Cada día me cuesta más entender a quien estando cómodamente en su casa cogen su equipo y como de ir a comprar tabaco se tratara se marchan a intentar escalar el K2. Para quien no lo sepa, como yo hace dos días, es una montaña helada con más de 8000 metros. Esos que en muchas ocasiones terminan cuando menos con varios dedos amputados o algo peor. Aplicado a mi persona seguramente una vez alcanzada la cima me preguntaría: ¿qué carajo hago yo a aquí arriba?
Supongo que cuando pasa uno cierta edad esos acontecimientos se limitan a un mero reportaje de televisión que te ayuda, como si de un somnífero se tratara, a echar una cómoda siestecita en tu sofá; siempre y cuando no prefieras despertarte sobresaltado por los gritos de algún programa sucedáneo del “tomate”, escupidos por los que acuden de forma rapaz y carroñera a la caza del famosillo de turno.

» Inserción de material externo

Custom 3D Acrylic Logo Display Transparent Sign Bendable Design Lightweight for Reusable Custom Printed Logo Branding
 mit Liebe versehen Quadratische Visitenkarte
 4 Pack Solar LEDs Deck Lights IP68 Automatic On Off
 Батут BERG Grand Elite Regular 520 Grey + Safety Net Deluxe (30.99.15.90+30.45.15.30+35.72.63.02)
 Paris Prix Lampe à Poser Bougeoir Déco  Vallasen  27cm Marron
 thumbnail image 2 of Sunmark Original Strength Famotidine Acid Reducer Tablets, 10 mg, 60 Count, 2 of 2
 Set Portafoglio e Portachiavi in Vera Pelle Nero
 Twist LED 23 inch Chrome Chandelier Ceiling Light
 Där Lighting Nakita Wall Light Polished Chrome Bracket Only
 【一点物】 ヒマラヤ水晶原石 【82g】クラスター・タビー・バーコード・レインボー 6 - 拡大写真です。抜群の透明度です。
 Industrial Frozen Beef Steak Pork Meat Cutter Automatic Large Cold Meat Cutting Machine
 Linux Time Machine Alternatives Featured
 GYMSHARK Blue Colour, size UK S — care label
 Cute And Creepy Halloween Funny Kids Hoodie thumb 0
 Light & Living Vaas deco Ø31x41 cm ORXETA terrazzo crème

Para los que hemos perdido la afición a lo metafísico y preferimos cosas del más acá, todavía encontramos situaciones que nos sorprenden y nos llenan de esperanza sobre el género humano. Recuerdo del año pasado a tres luchadores –si he dicho luchadores- a los que observaba desde un banco del jardín de la UNED, mientras me peleaba con un libro que me aburría profundamente. Uno un señor jubilado con 70 años que empezaba aquel año una carrera universitaria, y que supongo que para él recordar algunos farragosos textos debía de ser como las dudas que te deben asaltar cuando te encuentras en mitad de la escalada de una helada montaña. Otra una chica con parálisis cerebral que caminaba a duras penas hacia su aula, supongo que sería para ella como encaramarse a la más escarpada vertiente. O a una compañera servia que llegaba a la tutoría que teníamos ese día y que siempre me hacía pensar: si normalmente me salen mal los exámenes en mi idioma, en serbio serían una mala versión del gran Mariano Ozores. Por todos ellos, para demostrarles mi admiración y respeto, al más puro estilo de la última peli de romanos que vi: ¡Gladiadores, yo os saludo!